── Collected data ──
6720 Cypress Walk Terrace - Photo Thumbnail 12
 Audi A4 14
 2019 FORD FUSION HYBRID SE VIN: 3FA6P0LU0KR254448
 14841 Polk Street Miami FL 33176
───
| Exercise |
Output the full listing without altering anything.

| Reply to the exercise |
6720 Cypress Walk Terrace - Photo Thumbnail 12
 Audi A4 14
 2019 FORD FUSION HYBRID SE VIN: 3FA6P0LU0KR254448
 14841 Polk Street Miami FL 33176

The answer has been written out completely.